Kimsenin rüşvet ve yolsuzluğu meşru gösteremeyeceğini ve hukuktan kaçıramayacağını ifade eden Vural, bu suça karışanların hesap vermesini sağlamak amacında olduklarını belirtti. Vural, milletin hakkına ve hukukuna el uzatan zihniyete karşı herkesi demokrasiyi, hukuk devletini ve özgürlükleri korumaya davet ettiğini söyledi.

"Savcı takip etmiyorsa biz takip edeceğiz"

Gazetecilerin sorularını da yanıtlayan Vural, uluslararası işbirliğiyle haram para aklayan ve karar verici makamlardakilere rüşvet verenlerin peşini bırakmayacaklarını ifade etti. İlişki ağını ortaya çıkarmaya kararlı olduklarını dile getiren Vural, operasyonun İran ayağındaki süreçle ilgili bilgi almaya çalıştıklarını belirtti. Vural, "Millet adına hareket etmesi gereken, hukukumuzu koruması gereken Cumhuriyet savcısı takip etmiyorsa biz takip edeceğiz. Kimse rüşvet ve yolsuzluğu meşrulaştıramaz. Herkes hangi görevi yaptığını bilmelidir" diye konuştu.
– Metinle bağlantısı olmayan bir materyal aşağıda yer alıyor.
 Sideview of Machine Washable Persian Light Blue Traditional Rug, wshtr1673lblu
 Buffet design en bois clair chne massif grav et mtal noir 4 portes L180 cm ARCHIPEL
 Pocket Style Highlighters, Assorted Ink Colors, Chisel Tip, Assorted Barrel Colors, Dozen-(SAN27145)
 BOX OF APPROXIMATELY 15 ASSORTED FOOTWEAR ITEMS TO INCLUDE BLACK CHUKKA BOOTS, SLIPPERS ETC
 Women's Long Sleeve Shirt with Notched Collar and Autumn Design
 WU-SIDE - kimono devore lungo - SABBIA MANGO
Eski AB Bakanı Egemen Bağış'ın, bugün sosyal paylaşım sitesinde, "17 Aralık, Türkiye'nin AB'den müzakere tarihi almasının şanlı yıl dönümüdür" şeklinde paylaşımda bulunmasını nasıl değerlendirdiğinin sorulması üzerine, Cumhurbaşkanı Erdoğan'ın AB'ye yönelik tepkisini hatırlatarak, "Böyle bir süreç yok artık. AB Bakanı Volkan Bozkır da istifasını verecektir sanırım" dedi.